When all the fledgling researchers returned to their seats the teachers continued explaining the next task to the class.
“Now that you have your protective gear on, we’ll be having you individually go through copies of our theorists' research requests which are in the binder in front of you. Your task is to complete as many of the requests as possible by the end of the week. That is five days. You will only be allowed in this room for those five days from 8 to 5 pm. When you are done for the day you may leave your notes in your notebook, but do not leave your name or any other indication of who you are in this room. You may begin,” the researcher and theorist explained.
As soon as the teachers allowed everyone to begin you could hear people frantically opening their binders and papers flying. Carmen also opened her notebook not quite sure about what she would find. All the requests were experiments that needed to be done. The worst part was that they were all handwritten and photocopied black and white, which Carmen noticed after flipping through all the paper. They always say that smart people have terrible handwriting and most of these people writing these experiment requests did. Instead of trying to begin with the first experiment in her notebook, Carmen decided to organize the notebook into two sections: the experiments with handwriting she could read and the experiments that she couldn’t read. She used a page from her notebook which was nicely hole punched to separate the two sections. Then she decided to read through the experiments that were in the readable section and began with the ones that particularly interested her. She was wondering if the owner of her lab coat also wrote an experiment that was in the notebook. It would be in blue ink, she thought, but with the black and white copies, there was no way of knowing which experiment it could be.

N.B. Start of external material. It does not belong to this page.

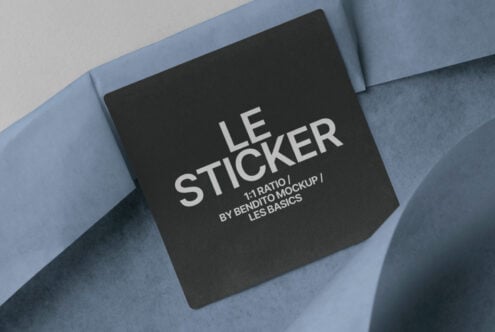 Dark sticker mockup with Les Basics branding on curved blue fabric backdrop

The experiments that were being requested which were from a collection of 20 people, the same number of people that were in Carmen’s class right now, covered a huge range of topics: biology, chemistry, physics, geoscience, and everything in between. Seven of the readable experiments were biology-related, they asked for simple things like characteristics of cells under a microscope or morphology of cells on different nutrient agar. Carmen knew that some of these experiments needed to be done earlier than later, but she knew that it was impossible to complete all the experiments, so she focused on the experiments that she could read.
There were 15 experiments in her readable section after reading through all of them she isolated the ones that she felt she could complete but didn’t need to be started today, there were only five that were simple like that. The other ten were multistep, multiday experiments. One of those ten required three days. But there was always time between experiments that with some planning you could get more than one experiment done in a day. The first ones that Carmen wanted to do were the microbiology ones, they weren’t micro bio per se, but used microbes in one way or another. For some of those experiments, she needed to prepare agar plates, and for others, she needed to start a culture overnight. So her first task was to make up the agar she needed since it needed a day or two to dry before bacteria could be plated or streaked onto it. The agar would be used for those seven biology experiments and three that could be classified as biochemistry or biophysics.